“But it was a Roman loss, not a German victory, since the Germans never even tried to invade and conquer Rome, whereas the Germans spent most of the next couple of decades running away and hiding from Roman armies.”
Germans eventually DID sack Rome (as did Celts); Germans had no reason to hide from an aggressor that, as in Scotland, huddled behind defenses and bribed their way out of defeat for centuries as they died a slow death. There are a lot more Germanic people in northern Italy today than Italians in southern Germany.
Righto.
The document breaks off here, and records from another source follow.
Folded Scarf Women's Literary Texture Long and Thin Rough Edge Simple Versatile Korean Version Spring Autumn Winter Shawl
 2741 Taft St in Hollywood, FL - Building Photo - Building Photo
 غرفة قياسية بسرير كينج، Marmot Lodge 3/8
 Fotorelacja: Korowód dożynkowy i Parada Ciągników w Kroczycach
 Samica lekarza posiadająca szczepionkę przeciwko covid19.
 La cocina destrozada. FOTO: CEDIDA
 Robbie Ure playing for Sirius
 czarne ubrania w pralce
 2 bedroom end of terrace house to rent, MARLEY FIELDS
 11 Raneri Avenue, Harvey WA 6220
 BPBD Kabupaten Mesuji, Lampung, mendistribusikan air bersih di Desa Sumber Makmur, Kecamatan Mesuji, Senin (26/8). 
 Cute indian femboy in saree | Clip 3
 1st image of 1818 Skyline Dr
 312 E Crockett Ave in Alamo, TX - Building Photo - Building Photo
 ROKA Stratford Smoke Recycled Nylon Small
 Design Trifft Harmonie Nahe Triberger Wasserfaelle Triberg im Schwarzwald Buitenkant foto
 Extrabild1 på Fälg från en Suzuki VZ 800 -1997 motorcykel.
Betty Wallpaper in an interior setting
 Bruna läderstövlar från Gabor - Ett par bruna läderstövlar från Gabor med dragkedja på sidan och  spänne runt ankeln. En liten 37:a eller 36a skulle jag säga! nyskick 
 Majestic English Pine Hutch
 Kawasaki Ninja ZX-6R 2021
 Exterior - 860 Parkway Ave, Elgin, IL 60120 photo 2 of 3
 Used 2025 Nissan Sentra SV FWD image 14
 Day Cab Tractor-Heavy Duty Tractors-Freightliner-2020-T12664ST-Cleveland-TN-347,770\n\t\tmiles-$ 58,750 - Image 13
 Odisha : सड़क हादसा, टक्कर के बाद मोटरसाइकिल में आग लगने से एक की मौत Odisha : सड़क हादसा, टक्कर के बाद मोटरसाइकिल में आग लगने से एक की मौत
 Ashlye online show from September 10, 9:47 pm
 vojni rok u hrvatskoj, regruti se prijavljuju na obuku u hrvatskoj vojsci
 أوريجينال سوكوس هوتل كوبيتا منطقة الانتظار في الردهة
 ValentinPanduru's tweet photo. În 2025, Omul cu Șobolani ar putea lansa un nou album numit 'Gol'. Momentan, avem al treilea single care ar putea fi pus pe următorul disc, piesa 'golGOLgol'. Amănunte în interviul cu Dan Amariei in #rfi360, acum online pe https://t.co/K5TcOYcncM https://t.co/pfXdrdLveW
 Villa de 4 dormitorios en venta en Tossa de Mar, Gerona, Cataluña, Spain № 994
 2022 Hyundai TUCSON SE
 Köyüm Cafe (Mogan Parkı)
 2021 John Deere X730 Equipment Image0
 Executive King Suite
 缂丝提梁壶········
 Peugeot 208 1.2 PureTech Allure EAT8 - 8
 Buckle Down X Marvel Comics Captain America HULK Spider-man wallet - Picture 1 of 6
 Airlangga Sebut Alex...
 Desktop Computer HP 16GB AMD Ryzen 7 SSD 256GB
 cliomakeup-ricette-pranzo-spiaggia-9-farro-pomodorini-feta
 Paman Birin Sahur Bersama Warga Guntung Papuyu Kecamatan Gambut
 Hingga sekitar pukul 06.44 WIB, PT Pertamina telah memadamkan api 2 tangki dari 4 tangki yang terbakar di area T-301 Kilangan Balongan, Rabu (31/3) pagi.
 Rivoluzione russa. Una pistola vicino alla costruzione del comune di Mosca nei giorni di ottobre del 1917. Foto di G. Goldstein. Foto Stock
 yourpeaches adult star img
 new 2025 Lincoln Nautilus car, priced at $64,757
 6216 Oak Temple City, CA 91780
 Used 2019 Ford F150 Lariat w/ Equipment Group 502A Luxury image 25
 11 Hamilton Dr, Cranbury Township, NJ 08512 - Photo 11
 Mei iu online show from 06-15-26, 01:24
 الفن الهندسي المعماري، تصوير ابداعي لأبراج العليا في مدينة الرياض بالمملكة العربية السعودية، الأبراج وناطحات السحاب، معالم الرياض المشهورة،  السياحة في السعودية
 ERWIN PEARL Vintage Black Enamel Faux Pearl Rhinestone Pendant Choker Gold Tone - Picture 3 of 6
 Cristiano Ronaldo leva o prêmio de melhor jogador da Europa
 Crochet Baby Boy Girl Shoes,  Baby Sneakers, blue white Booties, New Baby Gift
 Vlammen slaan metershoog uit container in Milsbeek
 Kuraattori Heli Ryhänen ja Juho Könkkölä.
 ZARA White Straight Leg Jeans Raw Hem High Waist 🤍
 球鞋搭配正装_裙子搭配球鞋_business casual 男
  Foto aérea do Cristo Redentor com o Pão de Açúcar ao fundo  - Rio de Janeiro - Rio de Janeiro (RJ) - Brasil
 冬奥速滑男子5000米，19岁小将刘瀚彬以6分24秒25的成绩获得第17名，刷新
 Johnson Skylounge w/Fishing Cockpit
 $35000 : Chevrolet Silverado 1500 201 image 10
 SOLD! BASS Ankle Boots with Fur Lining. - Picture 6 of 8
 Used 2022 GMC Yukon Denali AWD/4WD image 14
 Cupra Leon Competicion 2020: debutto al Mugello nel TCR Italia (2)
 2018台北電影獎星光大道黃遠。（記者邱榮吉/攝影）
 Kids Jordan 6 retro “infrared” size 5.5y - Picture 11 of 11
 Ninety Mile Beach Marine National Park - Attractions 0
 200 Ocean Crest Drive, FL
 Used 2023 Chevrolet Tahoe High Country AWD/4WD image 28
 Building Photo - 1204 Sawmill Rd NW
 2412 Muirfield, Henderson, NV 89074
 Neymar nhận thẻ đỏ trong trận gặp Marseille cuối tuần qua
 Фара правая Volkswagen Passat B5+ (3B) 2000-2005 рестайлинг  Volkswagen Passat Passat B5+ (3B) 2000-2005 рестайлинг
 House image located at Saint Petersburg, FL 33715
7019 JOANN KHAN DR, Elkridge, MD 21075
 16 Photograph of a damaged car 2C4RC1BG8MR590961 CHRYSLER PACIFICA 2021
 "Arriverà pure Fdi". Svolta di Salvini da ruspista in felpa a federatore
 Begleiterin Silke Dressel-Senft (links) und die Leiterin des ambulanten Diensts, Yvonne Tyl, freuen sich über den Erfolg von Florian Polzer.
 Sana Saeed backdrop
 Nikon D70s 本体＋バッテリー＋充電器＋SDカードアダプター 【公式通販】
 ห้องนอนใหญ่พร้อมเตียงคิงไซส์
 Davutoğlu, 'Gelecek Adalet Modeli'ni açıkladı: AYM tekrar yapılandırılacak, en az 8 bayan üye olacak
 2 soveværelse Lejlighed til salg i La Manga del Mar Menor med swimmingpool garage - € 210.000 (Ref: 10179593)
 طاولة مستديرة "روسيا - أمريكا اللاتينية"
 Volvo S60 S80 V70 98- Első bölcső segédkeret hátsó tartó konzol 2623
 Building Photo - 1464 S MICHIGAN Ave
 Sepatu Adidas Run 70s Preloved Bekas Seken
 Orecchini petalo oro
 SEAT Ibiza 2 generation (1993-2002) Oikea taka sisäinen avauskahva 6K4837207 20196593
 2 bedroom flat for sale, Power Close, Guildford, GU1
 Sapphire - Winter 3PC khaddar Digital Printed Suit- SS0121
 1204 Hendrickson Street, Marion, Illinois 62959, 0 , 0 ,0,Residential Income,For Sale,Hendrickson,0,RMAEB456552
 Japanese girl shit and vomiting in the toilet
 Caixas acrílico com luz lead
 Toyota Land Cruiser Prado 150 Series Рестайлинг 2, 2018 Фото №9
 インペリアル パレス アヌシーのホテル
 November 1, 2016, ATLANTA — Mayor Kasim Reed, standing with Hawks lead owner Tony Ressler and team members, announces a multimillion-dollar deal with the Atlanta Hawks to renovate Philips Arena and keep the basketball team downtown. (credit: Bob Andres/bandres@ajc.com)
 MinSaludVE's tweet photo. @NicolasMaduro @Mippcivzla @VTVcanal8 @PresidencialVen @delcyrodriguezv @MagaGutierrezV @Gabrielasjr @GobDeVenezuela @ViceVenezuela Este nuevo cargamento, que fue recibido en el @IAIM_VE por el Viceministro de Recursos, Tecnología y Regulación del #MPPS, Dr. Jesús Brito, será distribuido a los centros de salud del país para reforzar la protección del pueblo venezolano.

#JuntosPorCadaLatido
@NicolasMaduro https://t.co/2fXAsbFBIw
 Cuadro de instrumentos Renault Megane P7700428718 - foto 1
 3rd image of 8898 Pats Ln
Germans eventually sacked Rome.
I hope you realize how ludicrous it is to draw a line between Teutoburger Wald in 9 AD and the Sack of Rome by Alaric in 410, as if it were part of a continuous conflict, with A leading directly to or causing B.
That’s 401 years. 401 years ago from this year, Pocahontas was captured by the English settlers of Jamestown.
Yet without the foreshortening of history induced by a two thousand-year gap, we don’t think of the events of 1613 as directly causing things that happen this year. Except possibly the celebrity of Senator Elizabeth Warren.
The Romans routinely kicked the crap out of the Germans for 500 years. For most of this time, the Germans raided into the Empire, looted what they could carry, and then ran away as fast as they could. Quite often, it wasn’t fast enough.
The Romans stopped dominating the Germans militarily only when their own empire fell apart around them.